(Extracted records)
================================

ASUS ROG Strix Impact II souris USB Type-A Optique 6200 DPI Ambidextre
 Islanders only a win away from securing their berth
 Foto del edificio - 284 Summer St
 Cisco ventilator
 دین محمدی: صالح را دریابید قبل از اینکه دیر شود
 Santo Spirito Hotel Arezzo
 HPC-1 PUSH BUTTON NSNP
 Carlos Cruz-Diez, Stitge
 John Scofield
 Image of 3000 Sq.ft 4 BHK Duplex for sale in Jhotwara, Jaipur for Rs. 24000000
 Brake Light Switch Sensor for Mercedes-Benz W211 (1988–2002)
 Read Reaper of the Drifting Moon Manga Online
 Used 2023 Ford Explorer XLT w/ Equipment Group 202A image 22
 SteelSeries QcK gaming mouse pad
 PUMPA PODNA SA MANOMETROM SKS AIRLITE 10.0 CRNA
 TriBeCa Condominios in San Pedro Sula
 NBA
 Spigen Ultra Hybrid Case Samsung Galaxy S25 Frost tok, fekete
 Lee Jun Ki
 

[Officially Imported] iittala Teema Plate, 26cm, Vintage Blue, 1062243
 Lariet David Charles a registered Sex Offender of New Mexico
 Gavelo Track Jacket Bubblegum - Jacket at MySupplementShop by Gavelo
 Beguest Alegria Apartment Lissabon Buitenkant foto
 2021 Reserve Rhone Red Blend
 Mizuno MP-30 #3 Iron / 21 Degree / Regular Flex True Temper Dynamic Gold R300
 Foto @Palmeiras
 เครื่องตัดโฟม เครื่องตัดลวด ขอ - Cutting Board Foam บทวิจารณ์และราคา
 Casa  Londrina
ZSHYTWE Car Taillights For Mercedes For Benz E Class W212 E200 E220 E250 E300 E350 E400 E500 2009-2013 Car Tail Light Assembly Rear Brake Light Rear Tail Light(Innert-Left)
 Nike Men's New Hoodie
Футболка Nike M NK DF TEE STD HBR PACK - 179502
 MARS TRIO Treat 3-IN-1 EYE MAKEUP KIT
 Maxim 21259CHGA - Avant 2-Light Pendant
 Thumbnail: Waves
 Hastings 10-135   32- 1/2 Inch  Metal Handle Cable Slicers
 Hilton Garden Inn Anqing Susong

================================

### Problem statement
Retype word for word the line above with "Santo Spirito Hotel Arezzo" and all lines after it, nothing else.

### Answer box
 Santo Spirito Hotel Arezzo
 HPC-1 PUSH BUTTON NSNP
 Carlos Cruz-Diez, Stitge
 John Scofield
 Image of 3000 Sq.ft 4 BHK Duplex for sale in Jhotwara, Jaipur for Rs. 24000000
 Brake Light Switch Sensor for Mercedes-Benz W211 (1988–2002)
 Read Reaper of the Drifting Moon Manga Online
 Used 2023 Ford Explorer XLT w/ Equipment Group 202A image 22
 SteelSeries QcK gaming mouse pad
 PUMPA PODNA SA MANOMETROM SKS AIRLITE 10.0 CRNA
 TriBeCa Condominios in San Pedro Sula
 NBA
 Spigen Ultra Hybrid Case Samsung Galaxy S25 Frost tok, fekete
 Lee Jun Ki
 

[Officially Imported] iittala Teema Plate, 26cm, Vintage Blue, 1062243
 Lariet David Charles a registered Sex Offender of New Mexico
 Gavelo Track Jacket Bubblegum - Jacket at MySupplementShop by Gavelo
 Beguest Alegria Apartment Lissabon Buitenkant foto
 2021 Reserve Rhone Red Blend
 Mizuno MP-30 #3 Iron / 21 Degree / Regular Flex True Temper Dynamic Gold R300
 Foto @Palmeiras
 เครื่องตัดโฟม เครื่องตัดลวด ขอ - Cutting Board Foam บทวิจารณ์และราคา
 Casa  Londrina
ZSHYTWE Car Taillights For Mercedes For Benz E Class W212 E200 E220 E250 E300 E350 E400 E500 2009-2013 Car Tail Light Assembly Rear Brake Light Rear Tail Light(Innert-Left)
 Nike Men's New Hoodie
Футболка Nike M NK DF TEE STD HBR PACK - 179502
 MARS TRIO Treat 3-IN-1 EYE MAKEUP KIT
 Maxim 21259CHGA - Avant 2-Light Pendant
 Thumbnail: Waves
 Hastings 10-135   32- 1/2 Inch  Metal Handle Cable Slicers
 Hilton Garden Inn Anqing Susong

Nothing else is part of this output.